You shall not steal
Lay up for yourselves treasures in heaven...where thieves do not break in and steal
Last Saturday we had the unfortunate discovery of pieces of bike lock in our garage. Yep, they were cut. Gone with the bikes were our camping supplies, the shop vac, and other tools.
And I was upset. Upset that someone would come into our garage and take things that people had given to us as gifts, upset that we had tried to get renters insurance just days before but couldn't because of some of the electrical "features" of our house, upset that we barely got to use these things, and on top of that, upset with us for somehow becoming fairly attached to things we definitely didn't need to live, and can be replaced (Coleman stoves are pretty cool, but they are not a homemade family heirloom). Nate's family is in Louisiana right now helping people whose possessions and homes were destroyed by Hurricane Katrina. Life without a good place to live has got to be a lot harder than life without a nice set of pruners and clippers from Ace Hardware.

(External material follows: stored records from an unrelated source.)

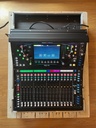 SQ-5 - [SECOND-HAND]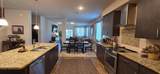 570 Stanton Lane - Photo 6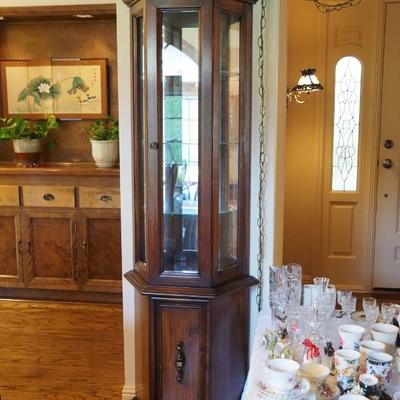 Sale Photo Thumbnail #44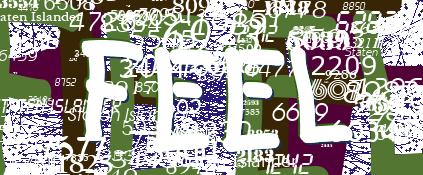 code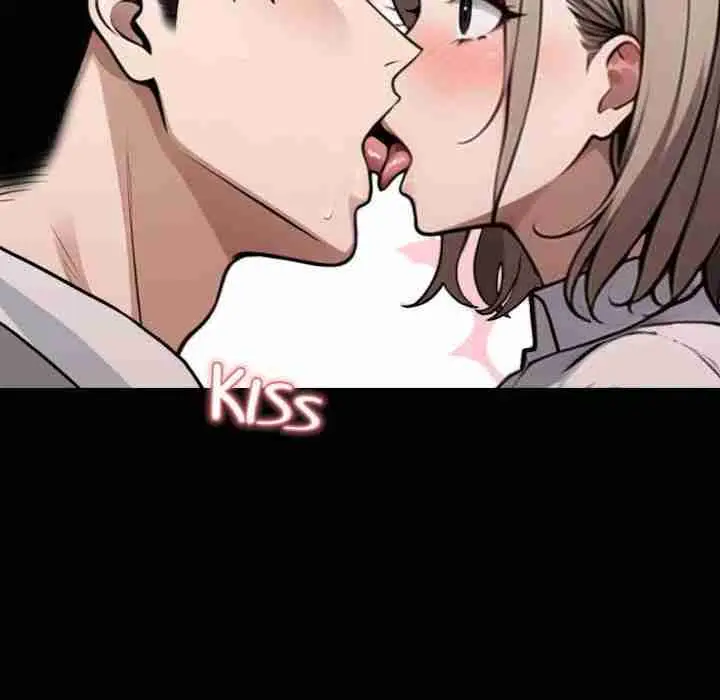140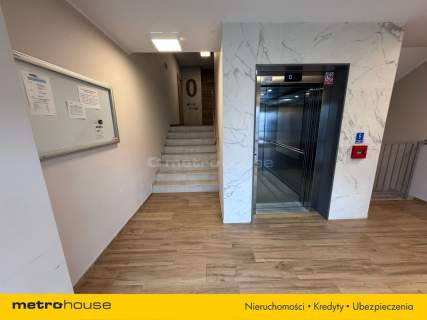 Nowoczesny apartament na sprzedaż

So, we have taken and are taking reasonable steps to keep "our" things safer. I had always thought of stewardship as buying what's on sale, tithing, and investing time and money wisely, but could stewardship mean leaving lights and music on (we did that before, too), trying to get insurance, or maybe even --as the sheriff suggested-- putting up stickers that say "smile, you're being videotaped" around our home? When do these actions cross the border from stewardship to selfish paranoia?
Are we wrong to own, appreciate, and protect our well-designed computers, good quality sleeping bags, and luxury vehicles (...please think of our rusty truck and notice the somewhat humorous point in my otherwise serious post). I don't think any of these things is inherently wrong. But this week has shown me that it is hard to possess much with a pure heart. And that compared to managing possessions, I probably spend far too little effort storing up treasures in heaven.